Sales of the anti-obesity pill Belviq from Arena Pharmaceuticals (NASDAQ:ARNA) continue to buck the seasonality of the weight loss sector with a 3.6% week over week gain. While 3.6% may not seem impressive, investors must consider that the second half of the year typically sees sales of weight loss drugs tapering off and actually declining. The 3.6% gain this week is a big step considering that the average gain over the last 8 weeks has been just 1.2%.
The main purpose of tracking scripts is to try to assess the level of revenue that Arena will earn from its share of overall net sales. With the quarterly report having given us some new data, it was once again time to assess adjustments made in the scripts. The 5% adjustment to IMS scripts last quarter resulted in an estimated $4.05 million in revenue for Arena going into the call. Actual revenue was about $3.5 million, thus demonstrating that the 5% adjustment was too strong. The main reason that there was a "disconnect" between estimates and actual numbers boils down to free trial scripts during the second quarter. The free trials increased 200% according to marketing partner Eisai. For the current quarter I am shifting to no adjustment in IMS numbers.

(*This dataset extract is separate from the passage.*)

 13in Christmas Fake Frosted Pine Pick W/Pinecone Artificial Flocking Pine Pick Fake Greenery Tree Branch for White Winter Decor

As time progresses, the percentage of free trials as a part of total scripts should decrease. With that adjustment made, Belviq sales according to IMS Health (orange line) are still tracking with the $100 million in gross sales line (green line on the chart). I had previously stated that I anticipate that over the next couple of weeks I expect the orange line in the chart to break above the green line. When no longer doing an adjustment to the numbers (because the revenue does not match up), that break may take an additional 2 weeks. I estimate that sales can be between $110 million and $120 million for 2014.

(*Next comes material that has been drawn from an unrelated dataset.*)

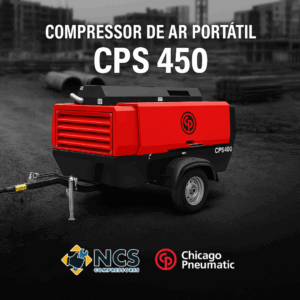Compressor de ar portátil chicago pneumatic CPS 450 – potência profissional a 200 PSI com motor cummins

Chart Source - Spencer Osborne
As I have stated, the important metric is trying to assess revenue. With this week's numbers we now have estimated gross sales this year eclipsing $50 million. This happened in the 30th week of the year and is a key number in that Arena's "guidance" pointed to gross sales of $100 million. That means that in the final 22 weeks we will want to see at least $50 million in sales. This is attainable because the current annualized pace is now approaching $112 million. Simply stated, if there was no week over week growth for the remainder of the year, the gross sales for the final 22 weeks would come in at $47 million. Very modest growth can see the final 22 weeks deliver $50 million. Modest growth can bring $55 million, and good growth can bringing $60 million and up. You can see why I anticipate overall 2014 sales to be between $110 and $120 million.
Chart Source - Spencer Osborne
In looking at the quarter over quarter and year over year aspect of sales we can note that despite seasonality, the growth is doing well. Last quarter the growth in scripts was an impressive 43%. A big portion of that growth was free trials initiated by the onset of television ads. The revenue growth was not as strong, but that should be expected. What we want to watch for is whether or not the free trials are converting patients to a paying status. I cover refill data for my readers on a regular basis (typically Wednesdays), but there is a certain subjective nature to it that needs to be understood. As things stand, the most recent week was 32% better than the corresponding week last quarter, and 240% better than the corresponding week from a year ago. The quarter over quarter performance has been dipping a bit from the numbers we saw last quarter, but that should be anticipated. At the moment the overall increase in scripts Q3 vs Q2 is 39%. This number has been decreasing each week in the quarter.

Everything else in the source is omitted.